Start of Block
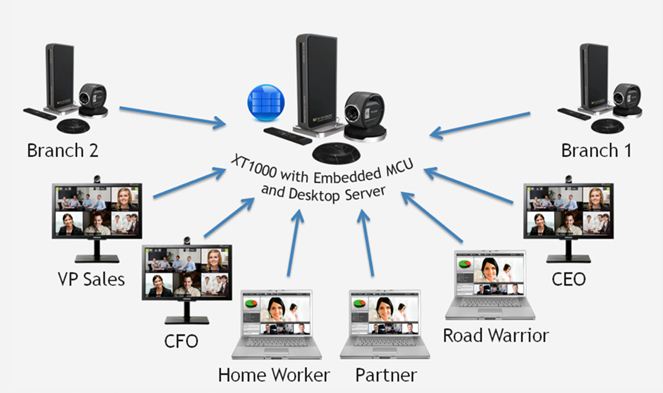 Radvision銳迪訊企業視頻會議系統解決方案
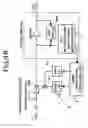 Fig. 41 - Raman, pump power control for gain flattening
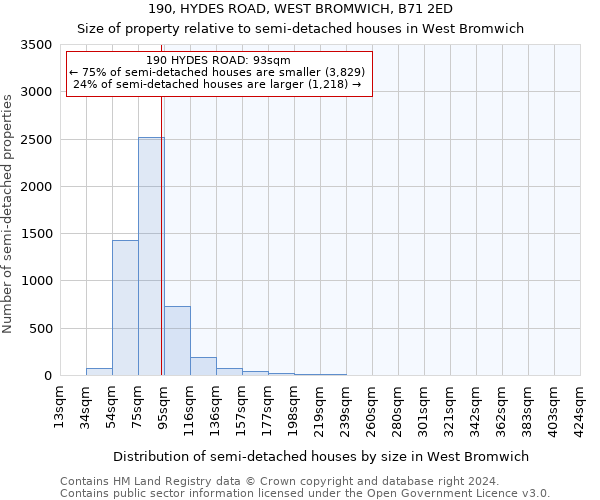 190, HYDES ROAD, WEST BROMWICH, B71 2ED: Size of property relative to detached houses in West Bromwich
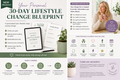 Dr Julie's Personalised 30-day Lifestyle Change Blueprint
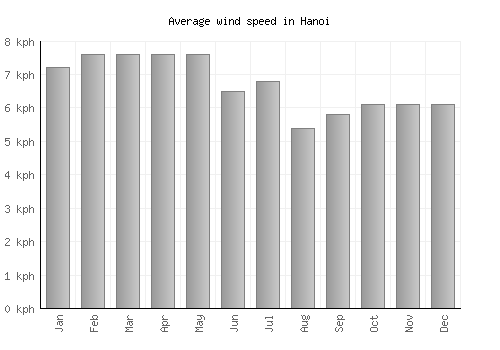 Hanoi average winspeed by month (km/h)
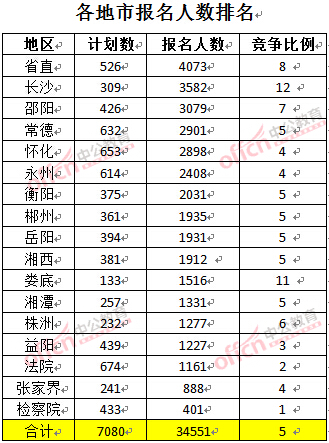 截至3月23日17時(shí)，2016年湖南公務(wù)員各地市報(bào)名人數(shù)排名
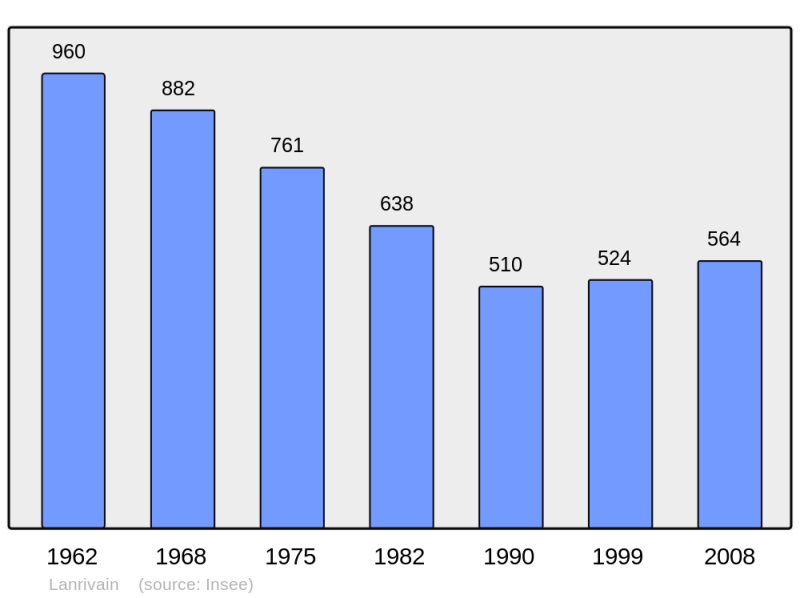 Soubor:Population - Municipality code 22115.png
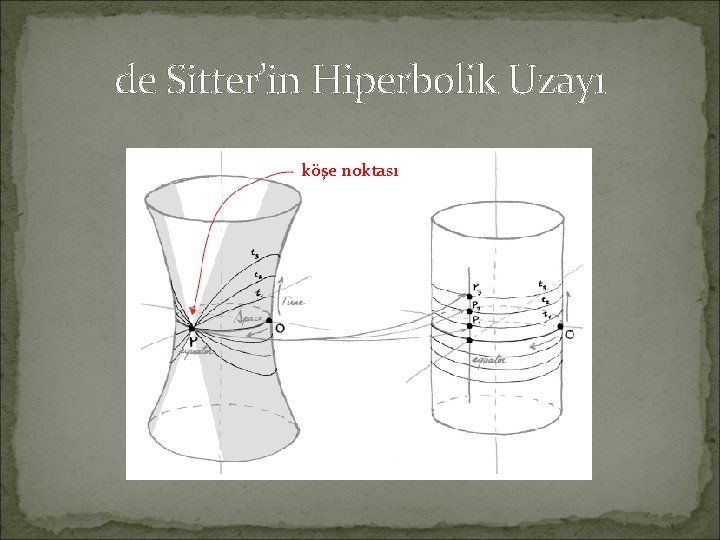de Sitter’in Hiperbolik Uzayı köşe noktası 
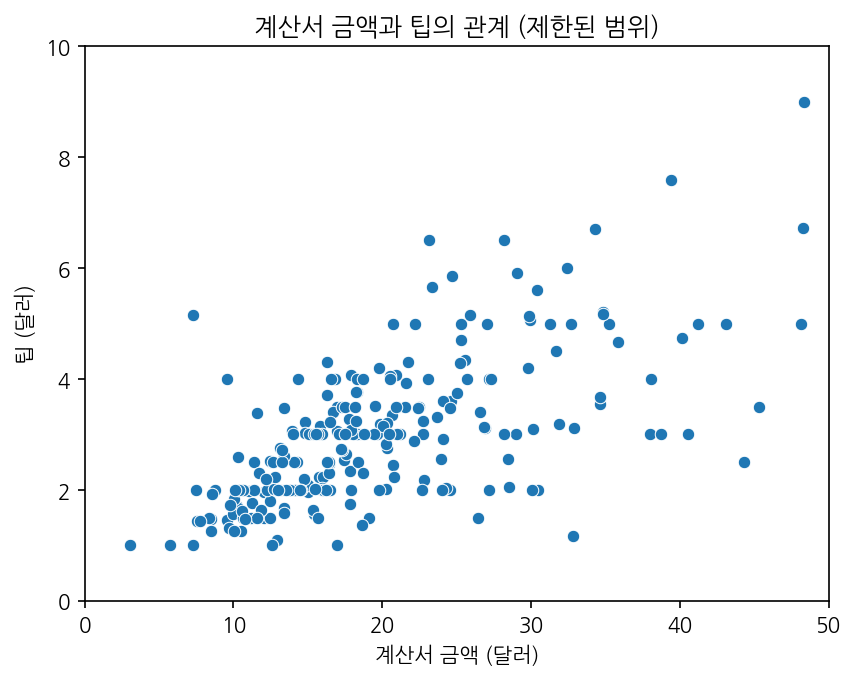 실행 결과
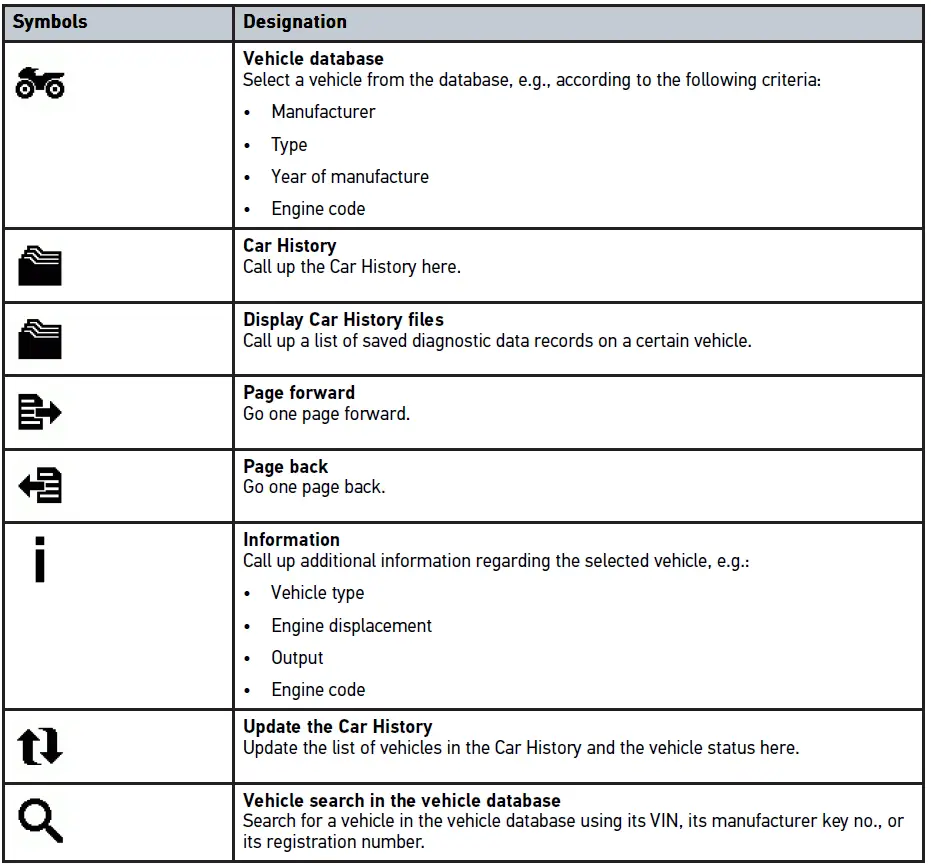 HELLA-GUTMANN-QSMMPCV6600ML0622S1-mega-macs-PC-Bike-FIG-9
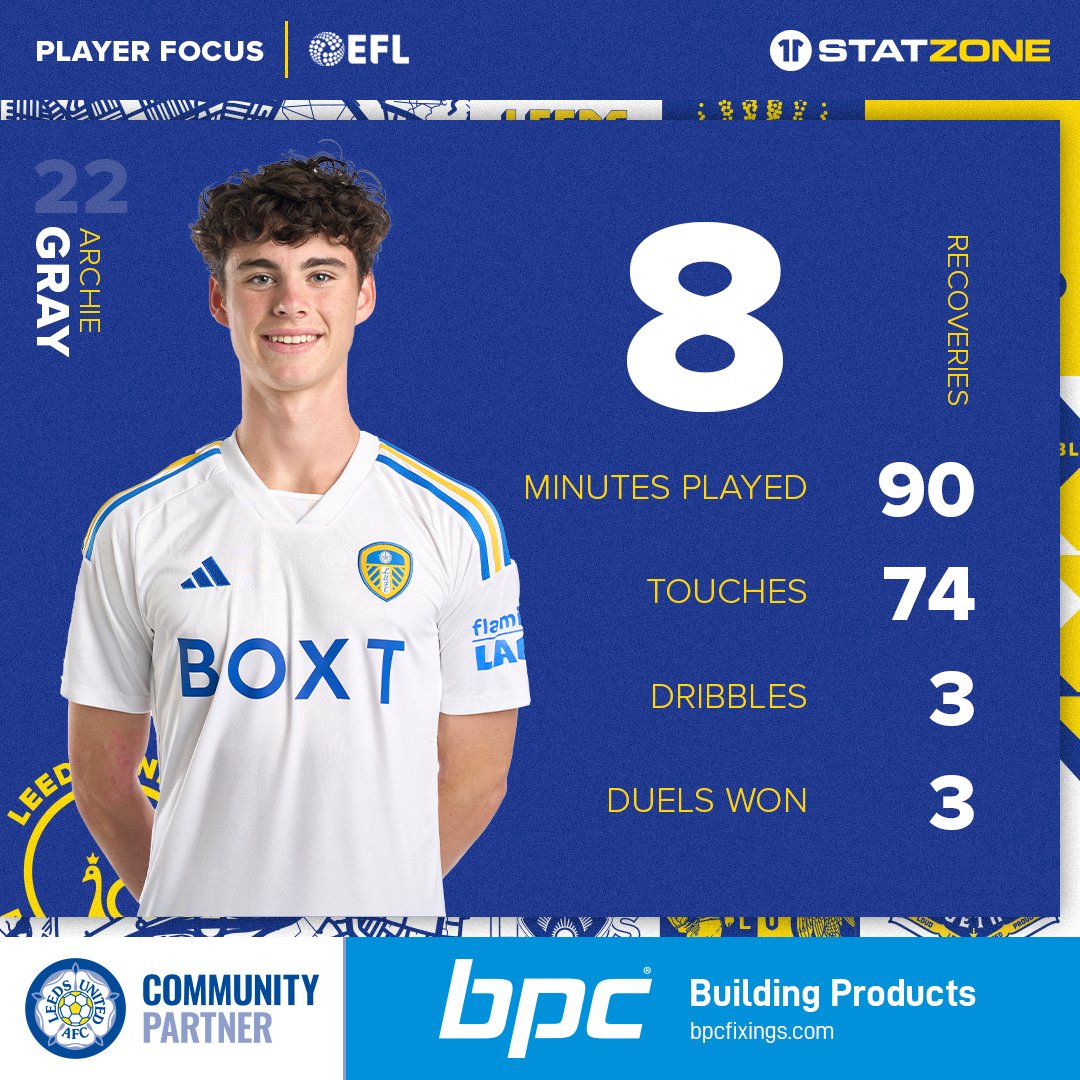 🔢 Archie Gray made 8️⃣ ball recoveries in the win over Ipswich Town! 👇 #LUFC #MOT #ALAW @BpcFixings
End of Block
** WORK ORDER **
The whole listing above is to be printed again exactly; pictures stay out of it.

** SOLUTION TO THE PROBLEM **
 Radvision銳迪訊企業視頻會議系統解決方案
 Fig. 41 - Raman, pump power control for gain flattening
 190, HYDES ROAD, WEST BROMWICH, B71 2ED: Size of property relative to detached houses in West Bromwich
 Dr Julie's Personalised 30-day Lifestyle Change Blueprint
 Hanoi average winspeed by month (km/h)
 截至3月23日17時(shí)，2016年湖南公務(wù)員各地市報(bào)名人數(shù)排名
 Soubor:Population - Municipality code 22115.png
de Sitter’in Hiperbolik Uzayı köşe noktası 
 실행 결과
 HELLA-GUTMANN-QSMMPCV6600ML0622S1-mega-macs-PC-Bike-FIG-9
 🔢 Archie Gray made 8️⃣ ball recoveries in the win over Ipswich Town! 👇 #LUFC #MOT #ALAW @BpcFixings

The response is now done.